## Finding Rotational Vectors and Angles

Sage
Posts: 1,066
Joined: 2004.07
Post: #1
I'm trying to guide my gun mesh to follow my crosshair as I look around. I can't seem to find a good way (or any way really) to accomplish this.

Basically I have three vectors for the player: strafe (points directly to player's right), position, and direction (points towards crosshair). My camera (which is contained by the player), has two functions for getting camera rotation: GetAngleVertical() and GetAngleHorizontal() (both return float values). How can I find (if I can find) a single rotational vector and angle so as to move the gun exactly where it needs to point from what I have here using one call to glRotatef()? (note that the getanglehorizontal and vertical return scaled down versions of actually mouse change (mousedelta/1000) so I'm not sure how that might affect the gun's rotation)

Thanks for all help as usual.
tigakub
Unregistered

Post: #2
Take the cross product of the camera's Z vector, and the vector from the target point to the camera.

This will give you the axis of rotation for the glRotate.

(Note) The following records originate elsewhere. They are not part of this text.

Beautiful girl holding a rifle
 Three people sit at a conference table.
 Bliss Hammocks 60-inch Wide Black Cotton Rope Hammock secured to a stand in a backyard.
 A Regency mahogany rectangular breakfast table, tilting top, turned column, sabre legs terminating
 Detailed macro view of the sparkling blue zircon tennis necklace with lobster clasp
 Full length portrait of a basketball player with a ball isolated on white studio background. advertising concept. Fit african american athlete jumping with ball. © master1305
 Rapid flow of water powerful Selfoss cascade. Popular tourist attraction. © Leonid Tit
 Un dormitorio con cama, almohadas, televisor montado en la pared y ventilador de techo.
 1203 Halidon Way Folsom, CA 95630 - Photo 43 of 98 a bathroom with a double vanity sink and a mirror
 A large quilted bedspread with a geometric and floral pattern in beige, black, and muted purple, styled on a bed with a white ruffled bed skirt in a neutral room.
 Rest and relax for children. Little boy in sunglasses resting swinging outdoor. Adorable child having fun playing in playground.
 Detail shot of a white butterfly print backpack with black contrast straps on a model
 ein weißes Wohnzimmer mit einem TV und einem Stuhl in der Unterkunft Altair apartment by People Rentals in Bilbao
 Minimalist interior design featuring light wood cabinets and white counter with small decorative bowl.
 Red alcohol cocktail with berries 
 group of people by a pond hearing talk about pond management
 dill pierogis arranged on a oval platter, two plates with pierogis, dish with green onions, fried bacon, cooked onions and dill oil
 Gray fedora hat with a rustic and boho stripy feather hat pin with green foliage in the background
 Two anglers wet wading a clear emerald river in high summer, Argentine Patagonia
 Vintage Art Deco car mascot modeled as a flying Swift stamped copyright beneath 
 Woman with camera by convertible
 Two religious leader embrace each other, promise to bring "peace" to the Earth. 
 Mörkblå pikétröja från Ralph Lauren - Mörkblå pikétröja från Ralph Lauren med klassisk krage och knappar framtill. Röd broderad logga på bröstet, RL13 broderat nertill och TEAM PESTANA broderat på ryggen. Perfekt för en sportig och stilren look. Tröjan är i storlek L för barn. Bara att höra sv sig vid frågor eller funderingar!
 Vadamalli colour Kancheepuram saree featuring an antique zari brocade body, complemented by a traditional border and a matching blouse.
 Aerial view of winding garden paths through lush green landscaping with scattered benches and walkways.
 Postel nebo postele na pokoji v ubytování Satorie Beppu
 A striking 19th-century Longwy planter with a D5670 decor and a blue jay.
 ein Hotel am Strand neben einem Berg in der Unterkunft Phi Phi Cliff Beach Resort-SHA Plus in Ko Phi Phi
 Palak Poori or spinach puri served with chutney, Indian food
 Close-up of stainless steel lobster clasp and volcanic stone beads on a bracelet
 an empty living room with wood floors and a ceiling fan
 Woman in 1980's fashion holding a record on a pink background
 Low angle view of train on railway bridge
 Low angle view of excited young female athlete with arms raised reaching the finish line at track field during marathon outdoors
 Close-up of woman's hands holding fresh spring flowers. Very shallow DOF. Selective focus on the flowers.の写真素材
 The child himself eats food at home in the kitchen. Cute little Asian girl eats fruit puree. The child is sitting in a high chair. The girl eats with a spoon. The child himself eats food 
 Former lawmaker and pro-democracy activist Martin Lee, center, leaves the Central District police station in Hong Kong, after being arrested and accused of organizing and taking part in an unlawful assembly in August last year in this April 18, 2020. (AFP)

Then use the cosine rule to calculate the angle from the dot product of the same two vectors.
Sage
Posts: 1,066
Joined: 2004.07
Post: #3
Will that update both axis of rotating (moving the gun up and down as well as side to side)?
tigakub
Unregistered

Post: #4
It should. But it's assumed that the gun starts out pointing down the z axis each time. If you're maintaining relative coordinates, that shouldn't be a problem.
Sage
Posts: 1,066
Joined: 2004.07
Post: #5
By Z vector, do you mean the strafe vector (the one running side to side directly to the right and left of the player)?
Member
Posts: 184
Joined: 2004.07
Post: #6
Another way to think of this: suppose you want the gun to always be in the same place with respect to screen space (this is essentially what you want, I assume.) You have some matrix M (in OpenGL, the modelview matrix) that you transform each of your objects with in order to put them in screen space. Now, in screen space, you are looking down the negative z axis (again in OpenGL), so if you want your gun always pointing down this axis in screen space, you can use the INVERSE of the modelview matrix to transform the gun into world space (and then when you transform the gun again it will point down the z axis again.)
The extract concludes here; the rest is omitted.